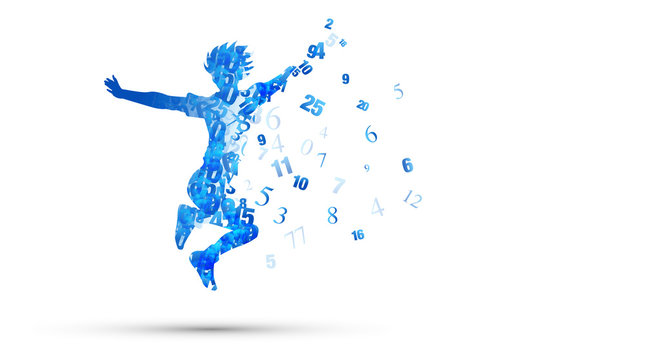 saltare, concorso, numeri, matematica, contare, cifre	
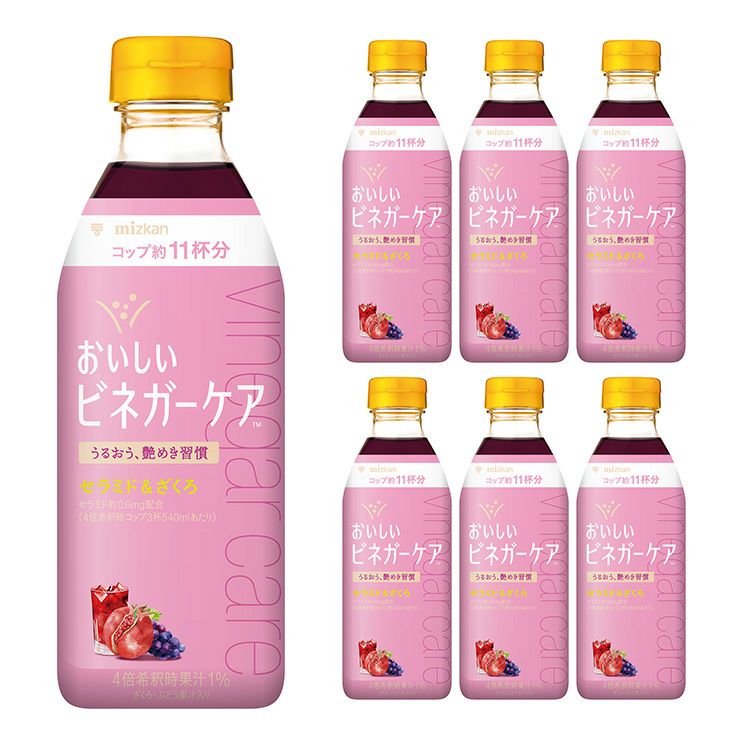 Mizkan ミツカン ビネガーケア セラミド＆ざくろ 500ml 6本 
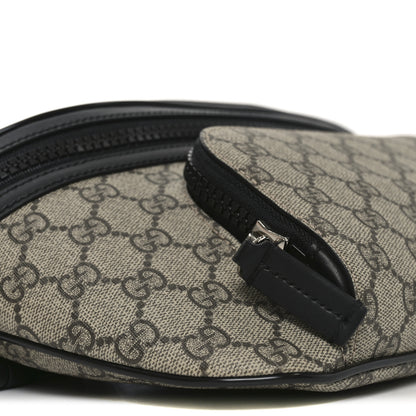 Gucci GG Supreme Monogram Large Belt Bag Beige Ebony Black 15 of 18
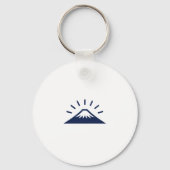 Flying Crane – Minimal Japanese Icon キーホルダー (裏面)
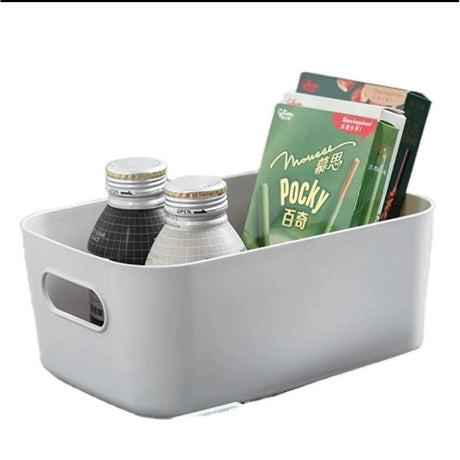 Multipurpose Storage Baskets Grey, Durable and Versatile Organizers for Home and Office Storage Containers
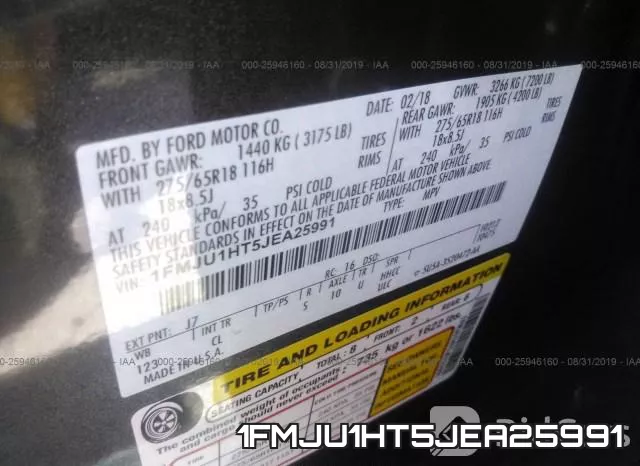 1FMJU1HT5JEA25991 фото 10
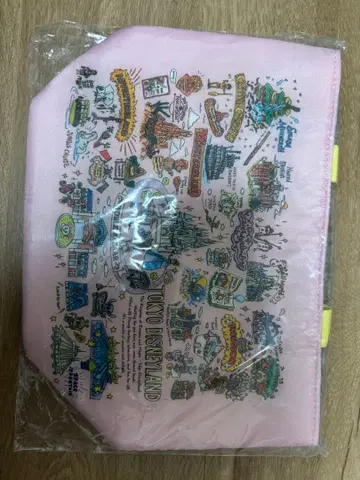 디즈니 파크 맵 지도 런치백 수베니어 백 백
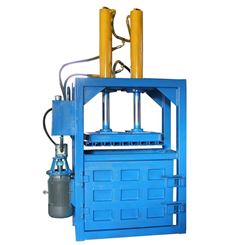 工厂铝屑铁粉压块机 秸秆木皮液压打包机 铁条铁桶压扁机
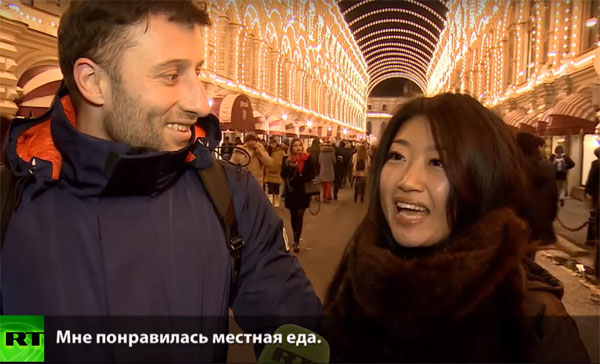 Du khách nước ngoài đón Năm mới ở Moskva:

• [DIRECTIONS FOR THIS TASK]: Repeat every record exactly, but not the pictures.

• [EXERCISE RESPONSE]:
 saltare, concorso, numeri, matematica, contare, cifre	
 Mizkan ミツカン ビネガーケア セラミド＆ざくろ 500ml 6本 
 Gucci GG Supreme Monogram Large Belt Bag Beige Ebony Black 15 of 18
 Flying Crane – Minimal Japanese Icon キーホルダー (裏面)
 Multipurpose Storage Baskets Grey, Durable and Versatile Organizers for Home and Office Storage Containers
 1FMJU1HT5JEA25991 фото 10
 디즈니 파크 맵 지도 런치백 수베니어 백 백
 工厂铝屑铁粉压块机 秸秆木皮液压打包机 铁条铁桶压扁机
 Du khách nước ngoài đón Năm mới ở Moskva:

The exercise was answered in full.